This design has a low and high setting for each factor, but is not orthogonal. To select the four treatments run in the 2³⁻¹ fractional factorial experiment, we start from the 2² full factorial design of experiment. If we replace the two-way interaction (AB) column with the factor C column, the design will be valid.

Imagine a two-factor full factorial with factors A and B. We also learn about the interaction of A and B. In a fractional factorial, we sacrifice learning about the two-way interaction between A and B, and substitute factor C.

2³⁻¹ Fractional Factorial Design Pattern

This pattern implies three factors and four treatments.

Note: We also call this kind of design a half-factorial design since we only have half of the treatments that we would have in a full factorial design. In 2³⁻¹ fractional factorial design of experiment, the effect of three-way interaction (ABC) is not measurable since it only has “+1”.
In four runs, we are able to run high and low settings for each of the three factors. The three-way interaction ABC is only at the high setting. In the 2³⁻¹ fractional factorial design, we notice that the column of each main effect has identical “+1” and “−1” values with one two-way interaction column.

A and BC
B and AC
C and AB

In this situation, we say that A is aliased with BC or A is the alias of BC. By multiplying any column with itself, we obtain the identity (I).

A*A=I

The product of any column and the identity is the column itself.

A*I=A

Column ABC is called the generator. By multiplying any column with the generator, we obtain its alias.

A*ABC=(A*A)*BC=I*BC=BC

Use Minitab to Run a Fractional Factorial Experiment

Step 1: Initiate the experiment design

Click Stat → DOE → Factorial → Create Factorial Design.
A new window named “Create Factorial Design” pops up.
Select the radio button “2-level factorial (default generators).”
Enter “3” as the “Number of factors.”
Click on the “Design” button in the window “Create Factorial Design” and another new window named “Create Factorial Design – Designs” pops up.
Highlight the “1/2 fraction” design in the box.
Select “2” as the “Number of replicates for corner points.”
Click “OK” in the window “Create Factorial Design – Designs.”
Click “OK” in the window “Create Factorial Design.”
The design table is created in the data table.

This is what the design table should look like.

Step 1.2 (optional): Define the names and the two levels for individual factors

Click on the “Factors” button in the window “Create Factorial Design” and a new window named “Create Factorial Design – Factors” appears.
Enter the names and the levels for individual factors.

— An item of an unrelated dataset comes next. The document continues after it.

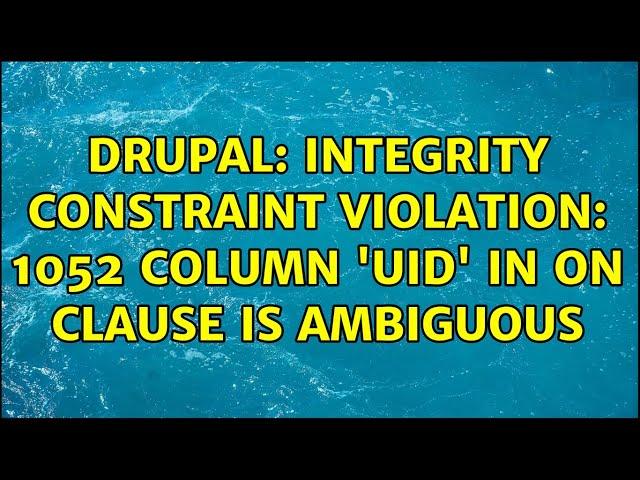 Drupal: Integrity constraint violation: 1052 Column 'uid' in on clause is ambiguous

In this example, we keep the default names and levels for factors A, B, and C.

Step 2: Implement the experiment and record the results in the DOE table

Step 3: Fit the model using the experiment results

Click Stat → DOE → Factorial → Analyze Factorial Design.
A new window named “Analyze Factorial Design” appears.
Select “Y” as the “Responses.”
Click on the “Storage” button and another new window named “Analyze Factorial Design – Storage” pops up.
Check the box “Fits” and “Residuals” so that both fitted responses and the residuals would be saved in the data table.
Click “OK” in the window “Analyze Factorial Design – Storage.”
Click “OK” in the window “Analyze Factorial Design.”
The DOE analysis results appear in the session window.

Step 4: Analyze the model results

Check whether the model is statistically significant.
Check which factors are insignificant.

If any independent variables are not significant, remove them one at a time and rerun the model until all the independent variables in the model are significant.

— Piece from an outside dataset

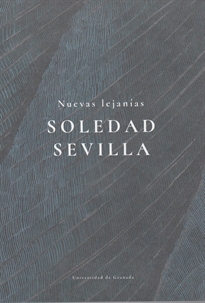 Books Frontpage Nuevas Lejanías: Soledad Sevilla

The p-value of factor B is greater than the alpha level (0.05), so it is not statistically significant. In this example, since factor B is not statistically significant, it needs to be removed from the model.

Step 5.0:

Click Stat → DOE → Factorial → Analyze Factorial Design.
A new window named “Analyze Factorial Design” appears.
Select “Y” as the “Responses.”
Click on the “Terms” button and another new window named “Analyze Factorial Design – Terms” pops up.
Deselect the factor “B:B” from the box “Selected Terms.”
Click “OK” in the window “Analyze Factorial Design – Terms.”
Click “OK” in the window “Analyze Factorial Design.”
The DOE analysis results appear in the session window.

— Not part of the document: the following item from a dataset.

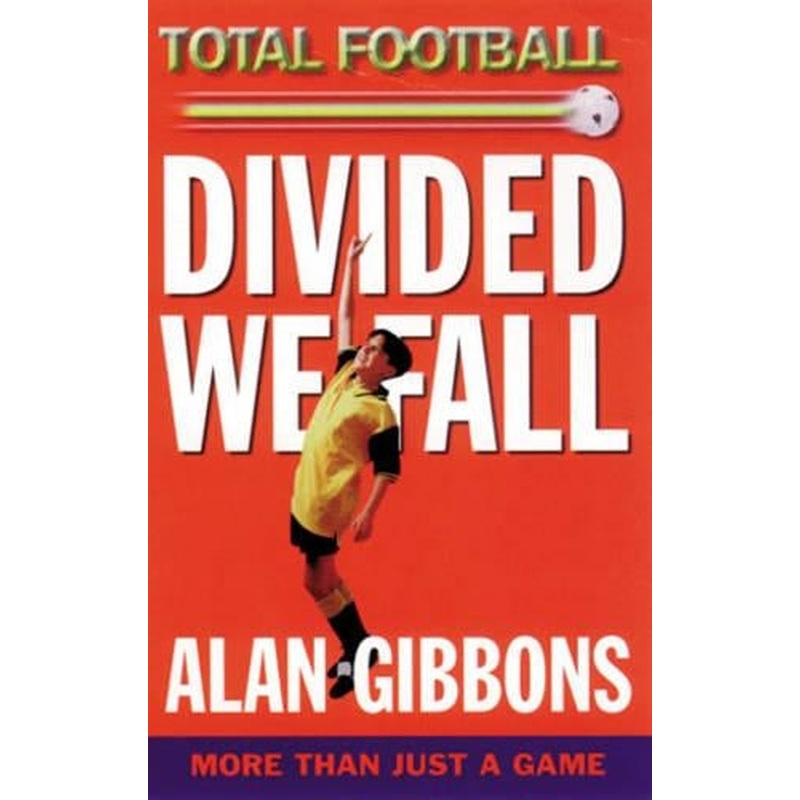 Divided We Fall (Total Football series)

The p-values of all the independent variables are smaller than 0.05. There is no need to remove any independent variables from the model.

Step 5.1: Check whether residuals are normally distributed with mean equal to zero.

Click Stat → Basic Statistics → Graphical Summary.
A new window named “Graphical Summary” appears.
Select “RESI2” as the “Variables.”
Click “OK.”
The histogram and the normality test of the residuals appear in the newly-generated window.

If the p-value of the normality test is greater than the alpha level (0.05), the residuals are normally distributed. The p-value of the normality test is larger than alpha level (0.05). The residuals are normally distributed. Residuals’ mean is zero.

Step 5.2: Check whether the residuals are independent.

Click Stat → Control Charts → Variables Charts for Individuals → I-MR.
A new window named “Individuals – Moving RangeChart” appears.
Select the “RESI2” as the “Variables.”
Click “OK.”
The control charts appear in the newly-generated window.

If no data points on the control charts fail any tests, the residuals are in control and independent of each other.

Note: The prerequisite of plotting I-MR chart for residuals: the residuals are in the time order. These are the control charts for estimating whether residuals are independent.

Step 5.3: Check whether the residuals have equal variance across the predicted responses.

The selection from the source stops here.